What's interesting about Apple Pay, though, is that it only addresses the front-end of the payment process, Ready said. In other words, Apple Pay seeks to eliminate the plastic card, only to leave the rest of the mobile payments process up to the existing ecosystem, he said on "Squawk Alley."
Still, retailers will likely have questions about things like security and fraud, two of the industry's biggest challenges, Ready said.
"It's quite noteworthy that, you know, you had many of the largest retailers, most of the largest retailers, including Wal-Mart and Best Buy and others not part of the announcement," he said. "And I think these are some of the questions that they'll need to have answers, like those tough parts of payments: Who's going to be responsible for the fraud when fraud happens?"

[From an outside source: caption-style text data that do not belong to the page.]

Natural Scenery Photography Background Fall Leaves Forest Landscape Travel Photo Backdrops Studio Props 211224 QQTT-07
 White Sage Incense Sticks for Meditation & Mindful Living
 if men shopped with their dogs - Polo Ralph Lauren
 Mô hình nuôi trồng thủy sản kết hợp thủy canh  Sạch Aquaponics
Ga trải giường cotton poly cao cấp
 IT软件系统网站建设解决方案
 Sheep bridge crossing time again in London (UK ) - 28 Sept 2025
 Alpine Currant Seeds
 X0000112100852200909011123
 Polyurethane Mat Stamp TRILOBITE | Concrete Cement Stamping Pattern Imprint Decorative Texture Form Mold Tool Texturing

An Apple spokesperson declined to comment.
However, Apple's retail partners announced on Tuesday included Apple stores, Disney; Macy's and its subsidiary Bloomingdale's; McDonald's; Panera Bread; Staples; Sephora, Subway; Target; Walgreen; and Whole Foods. OpenTable and Groupon customers will be able to use Apple Pay to make app purchases, and the service will also become an option for charging the Starbucks card on the store's existing app.
Still, Ready noted another challenge is "this chicken-and-egg problem," where Apple needs both consumers and merchants to adopt mobile payments at the same time.
"On the consumer side, there's this question of what's the value proposition? I don't know that consumers are screaming out, saying 'I don't want to swipe anymore.' It's one of the easiest things a consumer does," he said. "Having to rewire hardware terminals is very expensive ... there's not a clear value proposition for the merchant either."